- [RAW DATA]

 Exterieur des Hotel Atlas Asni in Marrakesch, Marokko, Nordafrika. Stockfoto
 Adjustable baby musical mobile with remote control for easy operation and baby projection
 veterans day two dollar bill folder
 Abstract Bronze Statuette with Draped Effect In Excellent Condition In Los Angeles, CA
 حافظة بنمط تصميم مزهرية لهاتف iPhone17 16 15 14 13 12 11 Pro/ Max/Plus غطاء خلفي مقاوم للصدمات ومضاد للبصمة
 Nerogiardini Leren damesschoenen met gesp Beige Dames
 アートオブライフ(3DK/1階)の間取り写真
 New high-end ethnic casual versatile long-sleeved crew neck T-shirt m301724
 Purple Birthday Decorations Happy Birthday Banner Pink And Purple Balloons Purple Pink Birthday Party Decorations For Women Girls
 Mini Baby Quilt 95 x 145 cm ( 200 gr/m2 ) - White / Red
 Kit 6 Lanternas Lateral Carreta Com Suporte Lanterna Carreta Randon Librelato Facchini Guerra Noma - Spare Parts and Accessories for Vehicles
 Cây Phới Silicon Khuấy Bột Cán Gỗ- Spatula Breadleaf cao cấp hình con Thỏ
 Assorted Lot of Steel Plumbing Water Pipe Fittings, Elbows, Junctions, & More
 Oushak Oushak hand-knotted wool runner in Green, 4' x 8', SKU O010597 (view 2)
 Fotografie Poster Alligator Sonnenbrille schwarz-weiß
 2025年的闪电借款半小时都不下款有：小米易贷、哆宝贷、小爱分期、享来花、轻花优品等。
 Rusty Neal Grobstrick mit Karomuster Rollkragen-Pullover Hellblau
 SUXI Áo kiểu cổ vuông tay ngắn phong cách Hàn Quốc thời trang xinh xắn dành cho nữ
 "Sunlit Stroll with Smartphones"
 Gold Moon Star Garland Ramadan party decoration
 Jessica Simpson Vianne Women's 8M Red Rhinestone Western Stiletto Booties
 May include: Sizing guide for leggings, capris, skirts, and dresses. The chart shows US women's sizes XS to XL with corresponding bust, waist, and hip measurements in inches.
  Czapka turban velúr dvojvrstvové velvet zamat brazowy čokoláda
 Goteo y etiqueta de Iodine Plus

- [PROBLEM] Return, unchanged, the run of lines above that opens with the line containing "Purple Birthday Decorations" and closes with the line containing "Assorted Lot of". Include both.

- [ANSWER AREA]
 Purple Birthday Decorations Happy Birthday Banner Pink And Purple Balloons Purple Pink Birthday Party Decorations For Women Girls
 Mini Baby Quilt 95 x 145 cm ( 200 gr/m2 ) - White / Red
 Kit 6 Lanternas Lateral Carreta Com Suporte Lanterna Carreta Randon Librelato Facchini Guerra Noma - Spare Parts and Accessories for Vehicles
 Cây Phới Silicon Khuấy Bột Cán Gỗ- Spatula Breadleaf cao cấp hình con Thỏ
 Assorted Lot of Steel Plumbing Water Pipe Fittings, Elbows, Junctions, & More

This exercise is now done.